Fast forward from the material governing the previous post, to May of 1999, to what amounts, in other words, to a thirty year jump. We are near the end of Baudrillard's career now rather than its beginning, and Baudrillard is doing a series of Wellek lectures at the University of California, Irvine. In the third lecture, entitled the "Murder of the Real," Baudrillard rehearses a theme that has been more or less a constant to his work since The Perfect Crime, namely that reality has died, been ex-terminated, and has not and never will be resurrected. Indeed, it's corpse may never even be found. He notes:
For reality is but a concept, or a principle, and by reality I mean the whole system of values connected with this principle. The Real as such implies an origin, an end, a past and a future, a chain of causes and effects, a continuity and a rationality. No real without these elements, without an objective configuration of discourse. And its disappearing is the dislocation of this whole constellation.
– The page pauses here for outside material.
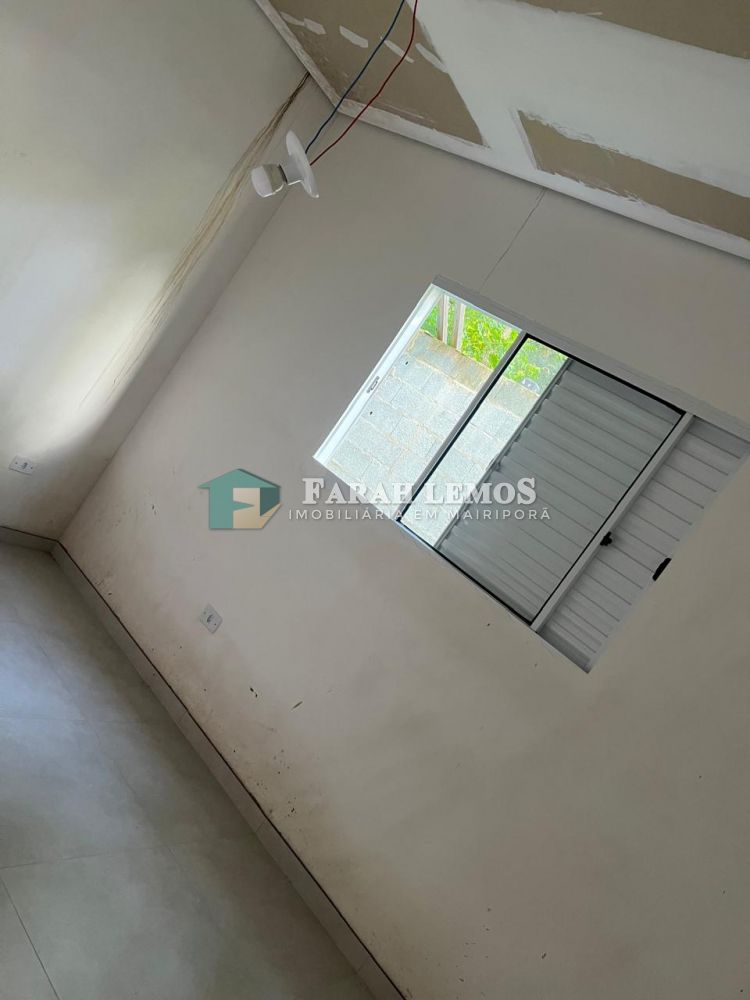 Casa Padrão à venda São Gonçalo - 075833-9.jpg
This argument is bound up, for Baudrillard, with virtualization and virtual reality, and a critique of new information technology. I have never been particularly convinced by his critiques of these technologies, but I do find the cultural inference he draws from them to be accurate; in other words, whether virtual reality itself does anything to dissolve the real, the discursive field that enables something like the term "virtual reality" is evidence already that the dissolution has taken place, that it has become susceptible to qualification, subdivision, and hyper-realization.
This collapse of reality is an argument for which Baudrillard is particularly well known, but it will come as no surprise that the Heidegger of Being and Time is also dedicated to a dissolution of the metaphysical reality principle, though his reasons for thinking this dissolution are far more subjectal in orientation (again, at least that's the case back in 1927).